Não seria justo com os governantes não reconhecer progressos institucionais e nas políticas agrícolas, em particular desde o Plano Real, que permitiu o início da recomposição das políticas de financiamento público e a expansão do financiamento privado, sem o qual o setor não teria dado tamanho salto qualitativo e quantitativo. Desde então foram inúmeras medidas e políticas - do Pronaf, criado em 1996, ao Programa de Subvenção ao Seguro Rural, de 2003; do Moderfrota ao Programa de Aquisição de Alimentos da Agricultura Familiar, passando por várias rodadas de renegociações das dívidas que permitiram a sobrevivência de produtores endividados até o pescoço em parte por causa das más políticas anteriores e em parte pela persistente ausência de proteção contra os riscos da agricultura - que, se não resolveram os entraves estruturais que afligem o setor, pelo menos criaram bases para que o novo governo o faça.

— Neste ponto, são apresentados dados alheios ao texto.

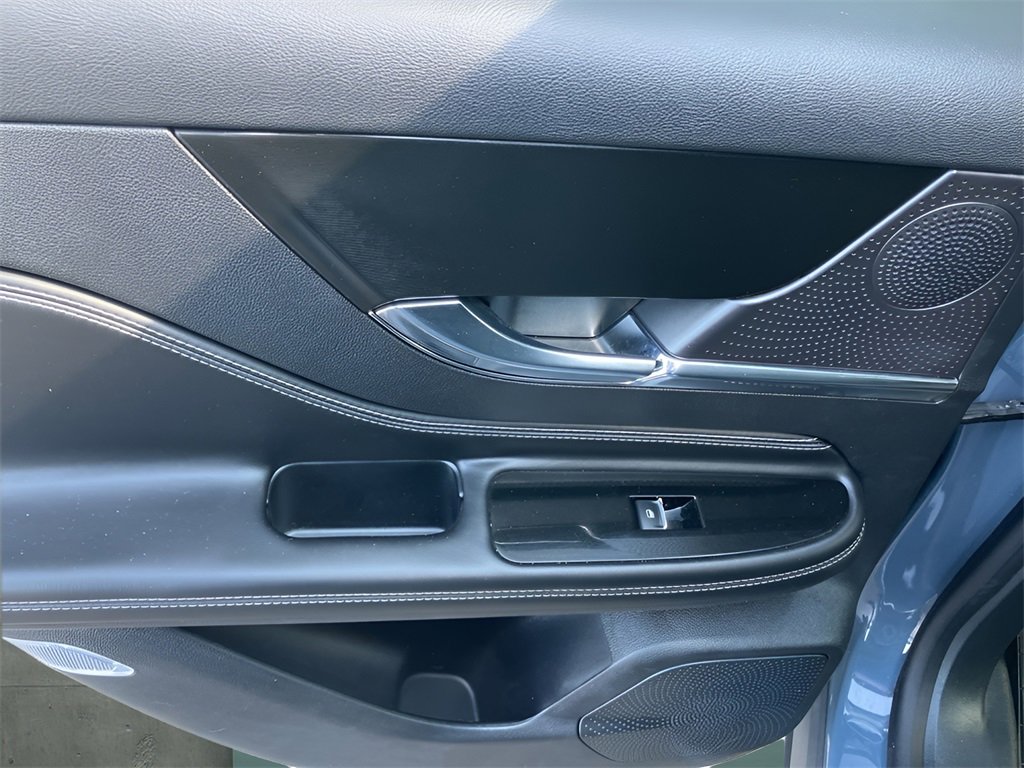 Used 2024 Lincoln Corsair Grand Touring image 47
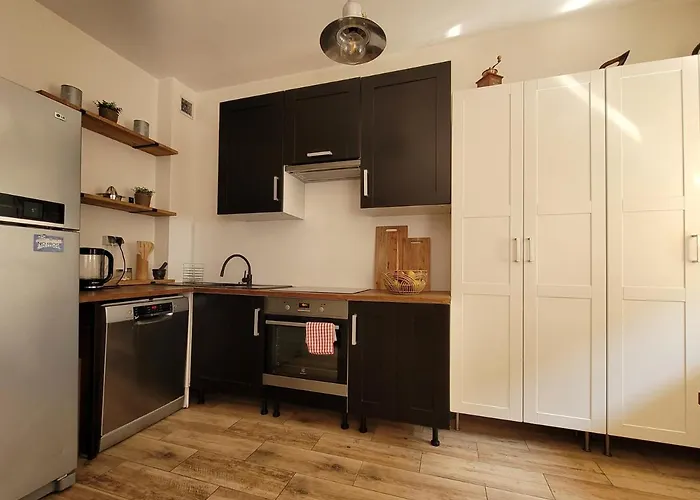 Czerwone Maki وارسو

Mas o produtor rural, aventureiro e tomador de risco por natureza, tem razão quando se sente tratado como patinho feio. Tem faltado aos governos um reconhecimento que se traduza em política consistente de desenvolvimento da agropecuária, com visão articulada de curto, médio e longo prazos, atenção às reais necessidades e prioridade expressa na alocação efetiva de recursos. Neste particular, é eloquente a pobreza do Ministério da Agricultura, Pecuária e Abastecimento, seja em pessoal ou em disponibilidade financeira para executar as funções institucionais necessárias para transformar o País em celeiro do mundo, como se propaga.
A imagem projetada pelo setor para o futuro é adequada: empresários formais com alta capacidade de gestão, modelo mundial de produção e preservação ambiental e líder na produção de alimentos seguros. Apesar dos inegáveis progressos, o País real está ainda muito distante da imagem pretendida, e chegar lá exigirá esforço dos produtores, do governo e da própria sociedade.
O documento faz um bom diagnóstico e a agenda reúne dez temas cruciais para se chegar lá, sobre os quais cabem visões distintas, não posições dúbias: insegurança jurídica, política agrícola, meio ambiente, relações de trabalho, tributação, logística e infraestrutura, inovação tecnológica, negociações internacionais, educação e pobreza rural. Como cabe numa democracia, a CNA apresentou o ponto de vista do setor, que é sem dúvida portador de créditos e cujos interesses gerais convergem com os da sociedade. Ainda assim, soluções e propostas deverão passar pelo crivo da polêmica transparente e incorporar e se enriquecer pela contribuição de outros segmentos sociais. Nesse sentido, é lamentável que só José Serra tenha comparecido à reunião organizada pela CNA. Os milhares de produtores rurais que se prepararam para seguir os debates perderam a oportunidade de avaliar o pensamento de cada um dos candidatos sobre temas relevantes para o setor e suas propostas para o seu futuro. Espera-se que tenha sido um acidente de percurso e não a regra da campanha presidencial.